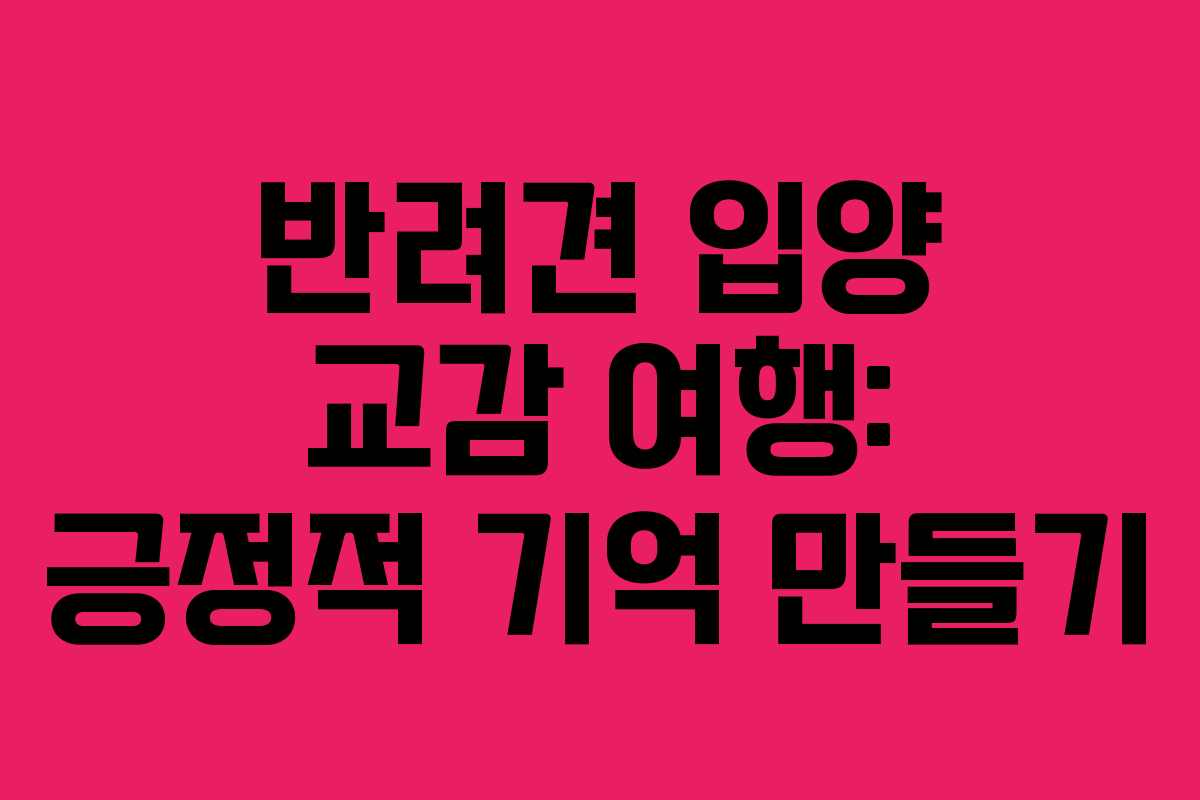 반려견-입양-교감-여행-긍정적-기억-만들기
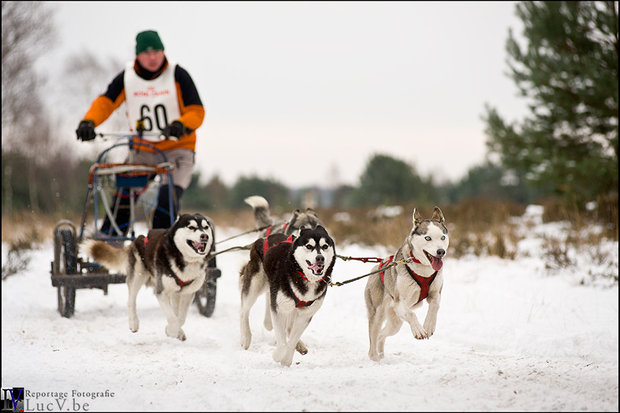 gangline 3-4 hunde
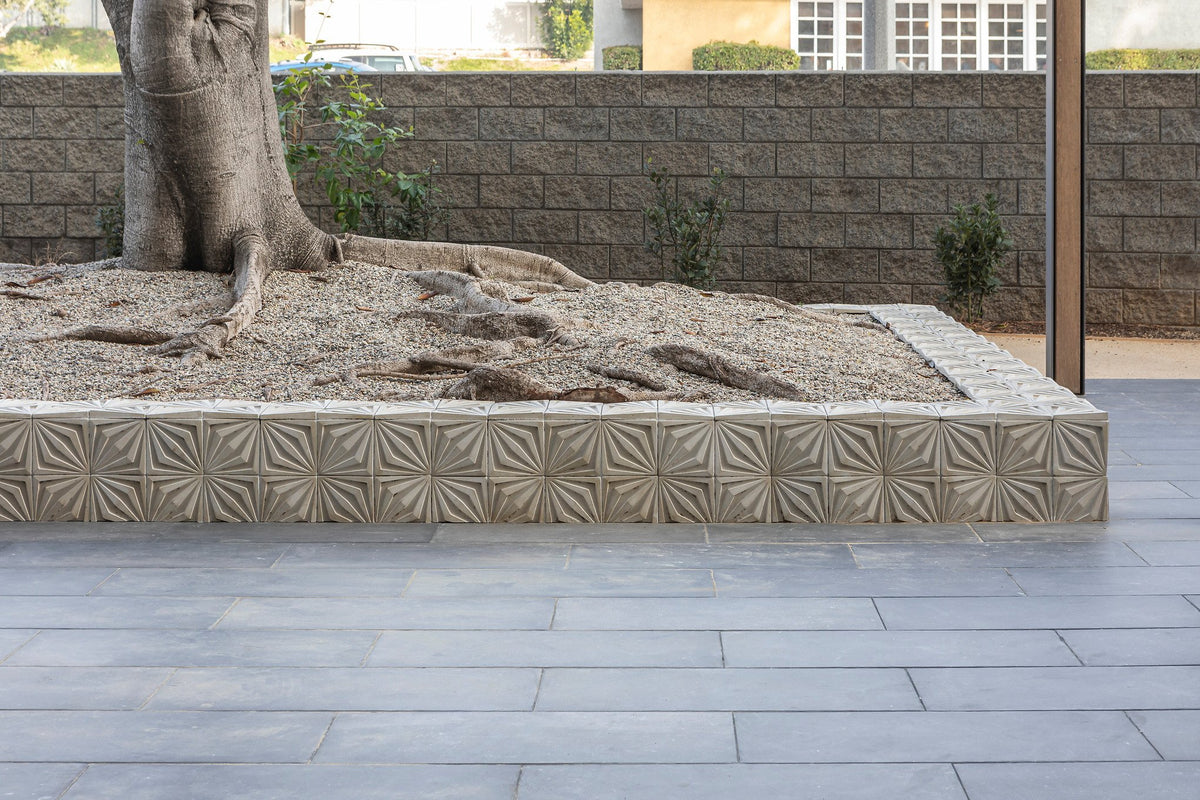Early Gray Compass Star planter wall
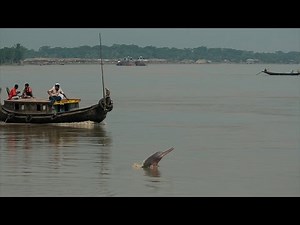 Shushuk, Our Rivers and Mankind (শুশুক, নদী এবং আমরা)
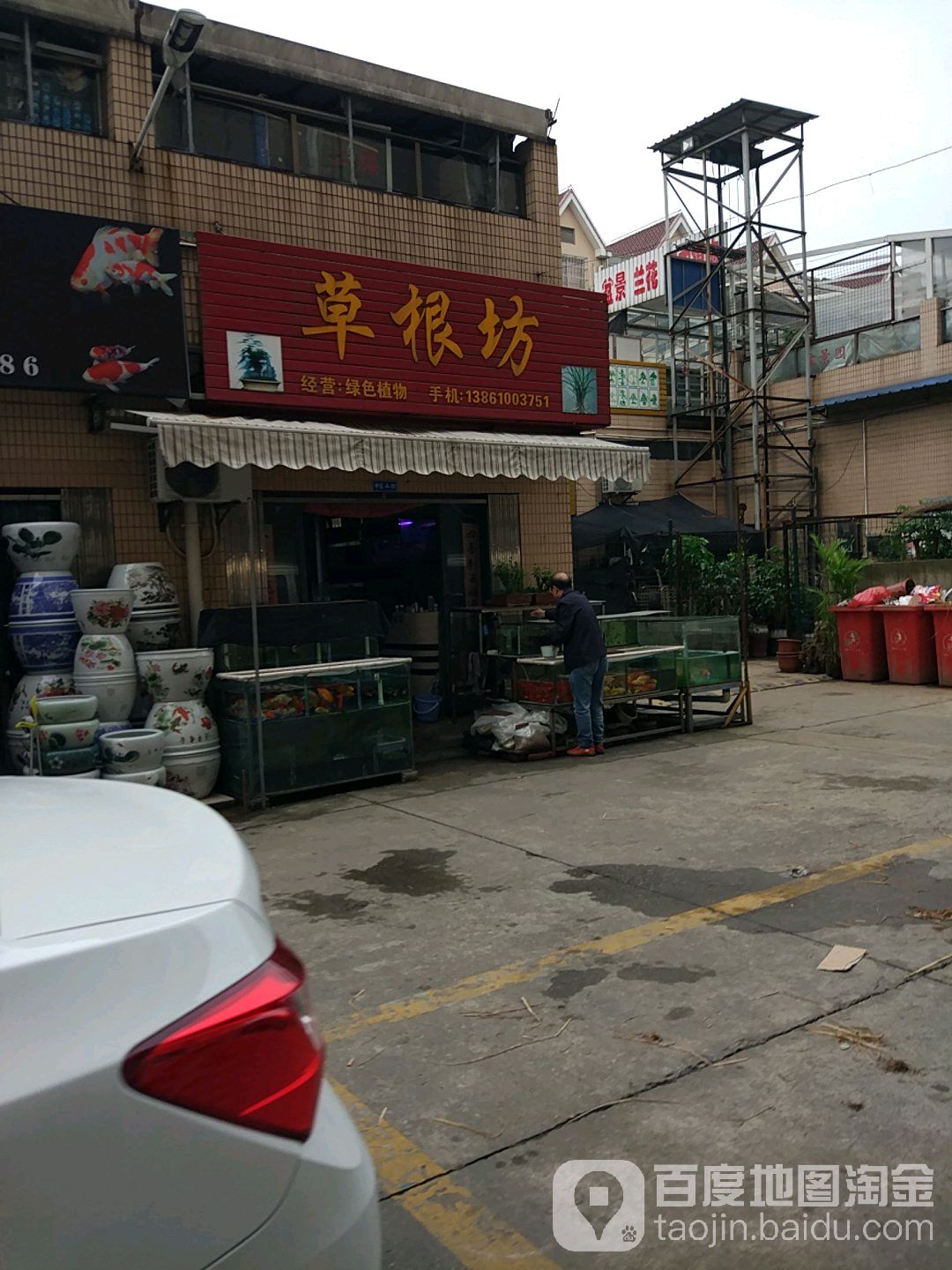 草根坊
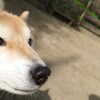 老犬ホームあん｜新人さん 空！！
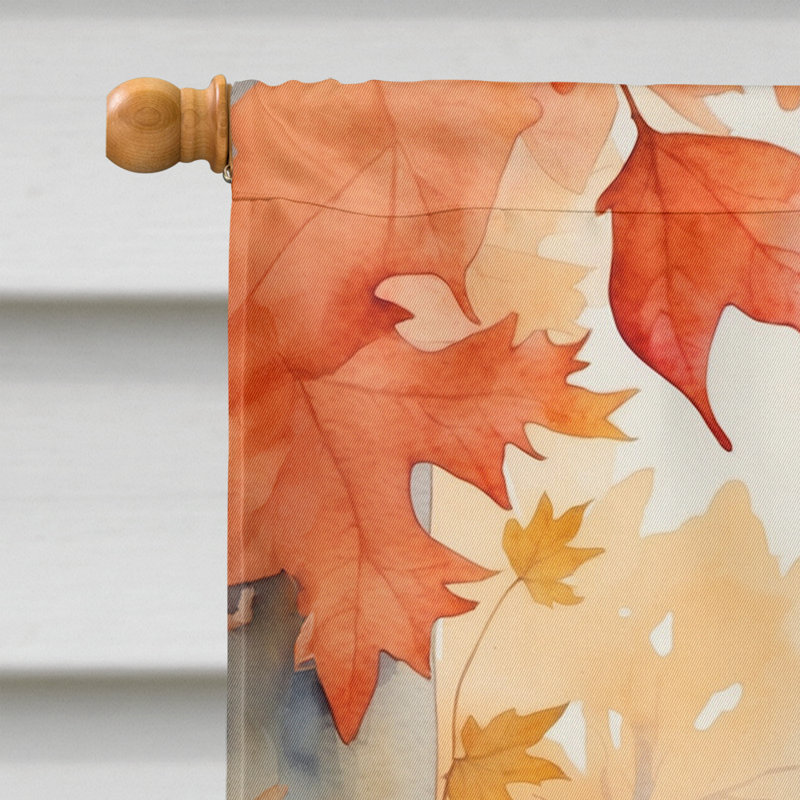 Chat en feuilles d'automne, Ural Rex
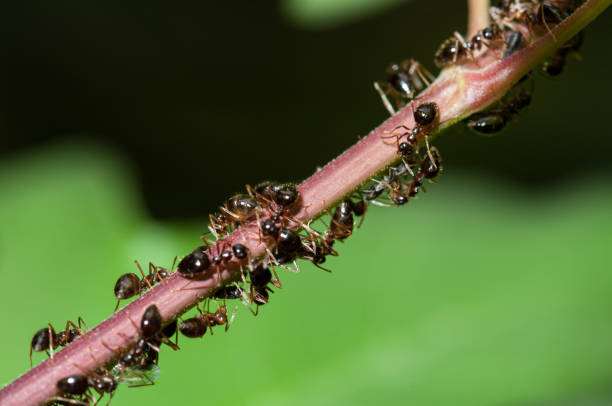 Tiny ants marching on a branch, showcasing the intricate details of their arthropod bodies in stunning macro photography, surrounded by the vastness of the great outdoors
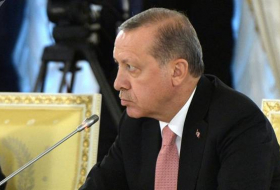 Ankara alertó a Berlín de posible ataque a Erdogan en la cumbre del G20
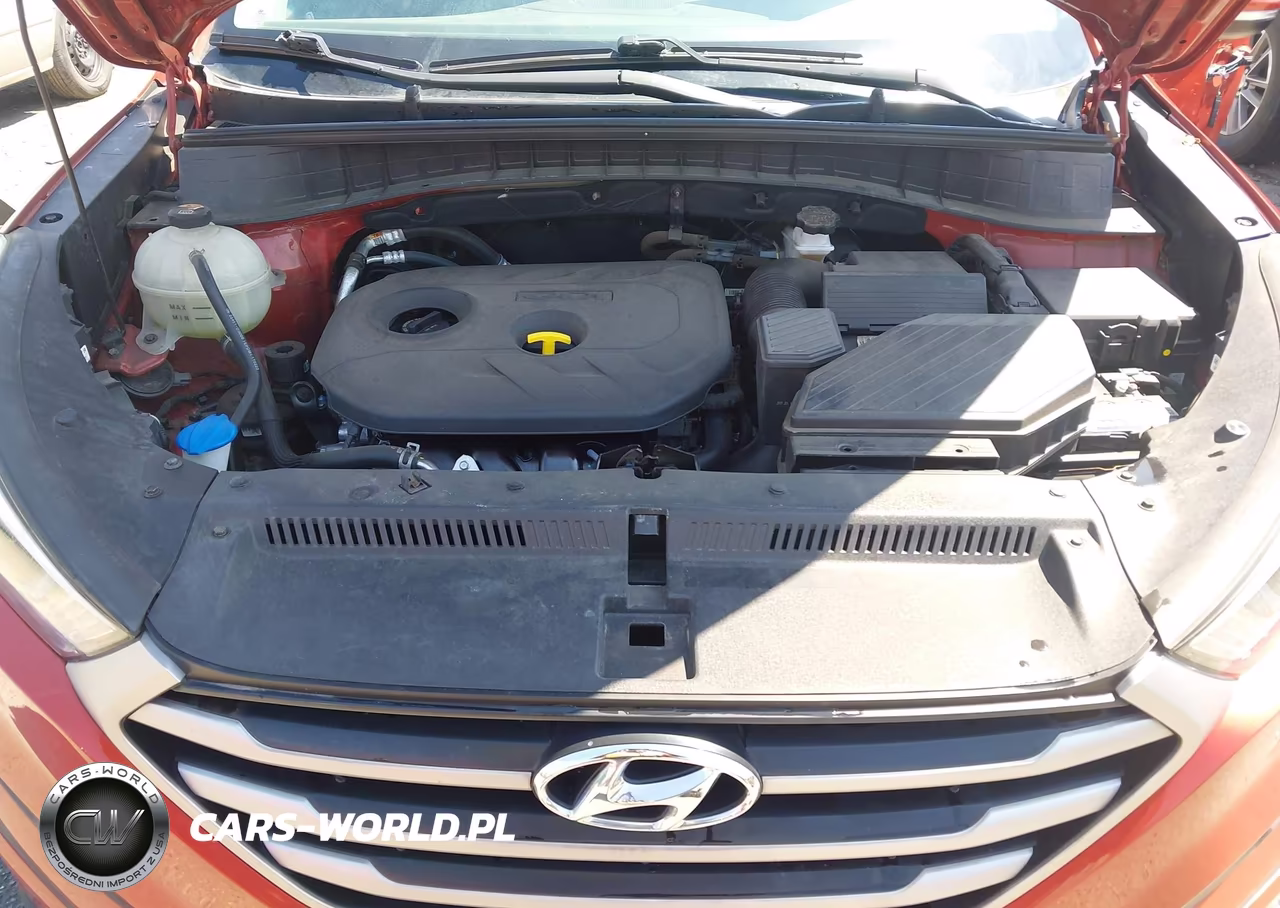 2017 Hyundai Tucson Se Plus VIN:KM8J3CA41HU443451 - 10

== == ==

WHAT THE TASK ASKS. Could you copy exactly, and with no pictures, the lines above from the one containing "Chat en feuilles d'automne, Ural Rex" through the last line, both included?

PROBLEM SOLUTION.
 Chat en feuilles d'automne, Ural Rex
 Tiny ants marching on a branch, showcasing the intricate details of their arthropod bodies in stunning macro photography, surrounded by the vastness of the great outdoors
 Ankara alertó a Berlín de posible ataque a Erdogan en la cumbre del G20
 2017 Hyundai Tucson Se Plus VIN:KM8J3CA41HU443451 - 10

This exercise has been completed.